Thursday, April 8, 2010

Work Transition: My Birthday Present to Me

"So if you think it's scary, if it's more than you can take,
Just blow out the candles, and have a piece of cake!
Happy Birthday! Happy Birthday to you!
Happy Birthday! Happy Birthday to you!"
 -- Weird Al Yankovic, Happy Birthday


All opinions posted here are my own, and not necessarily representative of the company I work for

On Monday I transitioned at work. A few people have asked me what that means, and each time, I suddenly remember that this isn't all self-explanatory. Outside of work, I've been dressing how I like and going by my new name and female pronouns for a few months now. At work, however, none of these changes had happened yet.

I came out to all my coworkers in November, but so far, I had decided that I wasn't quite comfortable enough with the new me to make the transition leap at work. I continued wearing a sports bra, baggy t-shirts, androgynous earrings, no makeup, and talking in my old voice. About a month ago I decided I was finally ready, and that pretending to be male was getting a little bit too awkward.
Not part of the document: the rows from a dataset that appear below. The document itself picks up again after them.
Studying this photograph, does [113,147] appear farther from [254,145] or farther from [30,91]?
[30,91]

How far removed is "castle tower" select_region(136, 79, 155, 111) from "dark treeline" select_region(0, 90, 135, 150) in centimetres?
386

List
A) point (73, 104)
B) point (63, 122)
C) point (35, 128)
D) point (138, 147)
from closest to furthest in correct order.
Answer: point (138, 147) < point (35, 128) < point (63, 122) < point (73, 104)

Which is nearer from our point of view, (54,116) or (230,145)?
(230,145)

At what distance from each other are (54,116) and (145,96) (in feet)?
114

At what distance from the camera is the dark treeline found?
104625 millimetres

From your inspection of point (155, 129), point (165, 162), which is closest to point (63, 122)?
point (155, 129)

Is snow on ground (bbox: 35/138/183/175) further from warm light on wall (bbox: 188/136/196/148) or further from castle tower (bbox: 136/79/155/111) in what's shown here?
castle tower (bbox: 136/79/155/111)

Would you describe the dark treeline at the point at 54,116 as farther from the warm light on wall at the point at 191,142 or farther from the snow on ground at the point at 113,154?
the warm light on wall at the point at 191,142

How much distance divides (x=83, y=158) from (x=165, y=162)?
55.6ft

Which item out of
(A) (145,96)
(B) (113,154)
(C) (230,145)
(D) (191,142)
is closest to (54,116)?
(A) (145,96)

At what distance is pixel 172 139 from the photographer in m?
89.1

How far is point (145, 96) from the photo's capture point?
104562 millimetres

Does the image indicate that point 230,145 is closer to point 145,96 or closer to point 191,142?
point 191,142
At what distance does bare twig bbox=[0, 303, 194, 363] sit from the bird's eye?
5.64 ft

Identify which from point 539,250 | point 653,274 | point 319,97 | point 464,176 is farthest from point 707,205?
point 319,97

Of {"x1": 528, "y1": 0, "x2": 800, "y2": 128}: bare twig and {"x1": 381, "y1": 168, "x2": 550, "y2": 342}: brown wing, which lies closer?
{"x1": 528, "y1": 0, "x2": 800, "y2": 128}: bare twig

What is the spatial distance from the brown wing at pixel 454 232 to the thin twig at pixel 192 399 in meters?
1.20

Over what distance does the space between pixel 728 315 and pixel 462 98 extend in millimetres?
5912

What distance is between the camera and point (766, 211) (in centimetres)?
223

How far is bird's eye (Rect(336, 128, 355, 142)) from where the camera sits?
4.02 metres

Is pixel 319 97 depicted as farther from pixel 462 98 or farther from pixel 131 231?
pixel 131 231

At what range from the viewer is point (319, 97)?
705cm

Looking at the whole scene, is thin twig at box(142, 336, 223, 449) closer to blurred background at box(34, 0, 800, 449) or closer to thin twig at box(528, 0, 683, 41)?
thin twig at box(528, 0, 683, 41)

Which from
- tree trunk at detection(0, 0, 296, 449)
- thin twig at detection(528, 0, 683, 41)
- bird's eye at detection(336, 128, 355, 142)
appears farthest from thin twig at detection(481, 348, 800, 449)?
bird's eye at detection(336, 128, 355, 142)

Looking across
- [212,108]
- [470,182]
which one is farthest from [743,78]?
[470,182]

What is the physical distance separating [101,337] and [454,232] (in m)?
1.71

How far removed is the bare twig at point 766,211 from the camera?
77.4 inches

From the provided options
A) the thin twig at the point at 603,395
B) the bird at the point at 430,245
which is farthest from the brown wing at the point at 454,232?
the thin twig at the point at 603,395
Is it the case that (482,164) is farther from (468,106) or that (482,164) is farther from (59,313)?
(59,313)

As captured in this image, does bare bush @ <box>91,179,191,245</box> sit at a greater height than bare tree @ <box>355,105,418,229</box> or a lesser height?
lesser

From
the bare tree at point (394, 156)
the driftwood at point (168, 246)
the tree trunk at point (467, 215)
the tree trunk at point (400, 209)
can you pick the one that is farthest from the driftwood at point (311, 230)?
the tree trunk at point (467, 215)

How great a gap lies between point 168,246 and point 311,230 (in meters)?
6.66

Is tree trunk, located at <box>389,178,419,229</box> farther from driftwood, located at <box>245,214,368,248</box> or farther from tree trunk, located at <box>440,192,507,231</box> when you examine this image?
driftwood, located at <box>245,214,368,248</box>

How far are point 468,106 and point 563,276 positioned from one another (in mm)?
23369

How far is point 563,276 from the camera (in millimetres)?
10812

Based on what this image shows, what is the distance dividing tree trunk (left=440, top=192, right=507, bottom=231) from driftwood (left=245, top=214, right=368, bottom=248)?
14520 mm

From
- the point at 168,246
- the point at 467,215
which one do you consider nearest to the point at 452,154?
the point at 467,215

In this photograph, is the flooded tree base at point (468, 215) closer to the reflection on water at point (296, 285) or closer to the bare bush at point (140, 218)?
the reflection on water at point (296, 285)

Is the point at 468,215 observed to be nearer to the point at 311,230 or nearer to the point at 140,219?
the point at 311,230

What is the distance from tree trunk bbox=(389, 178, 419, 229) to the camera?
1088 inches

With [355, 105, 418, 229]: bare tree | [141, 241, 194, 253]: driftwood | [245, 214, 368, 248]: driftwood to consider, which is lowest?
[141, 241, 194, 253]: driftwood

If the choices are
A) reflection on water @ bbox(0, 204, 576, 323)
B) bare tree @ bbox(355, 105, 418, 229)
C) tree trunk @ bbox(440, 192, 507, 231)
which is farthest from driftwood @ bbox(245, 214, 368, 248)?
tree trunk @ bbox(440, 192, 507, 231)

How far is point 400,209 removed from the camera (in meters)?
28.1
I informed my supervisor and started meeting with HR and management to plan it all. We created different communication plans for my local teammates (one meeting a few days beforehand to prepare them), the local center (a top-down communication to all leadership, so they can be prepared if any rumors or concerns surface), and the various other teams and people I work with globally (basic communication from their leadership). We planned for a new name tag, badge, preferred name in the system, etc. When it came to the bathroom issue, I told them that I was worried about it because I know it can be a very sensitive issue for a lot of people, but they reassured me that it was no problem and that I would probably just use the women's.

A couple of weeks before transition, the HR rep met with me and told me she would be meeting with legal the next day to review the plan. She wanted to get a clear idea of my thoughts on the bathroom issue so she could represent them properly while discussing it with the powers that be, so she asked, "What if, for some legal reason, they say you have to use the men's room?"

Anxiety set in. After a pause I choked out, "I guess... I wouldn't transition at work."
"Then how would you continue your whole process?"
The tears started, "I guess... I would have to leave the company."
"Wouldn't you have to face this kind of thing at any company you work for?"

We talked some more and she reassured me that she just wanted to clarify my feelings-- that nothing had actually been decided yet. I tried desperately to calm myself down. I felt pretty stupid, but she was really sweet about it, and asked me to come talk to her first thing the next day since she was meeting with them earlier in the morning.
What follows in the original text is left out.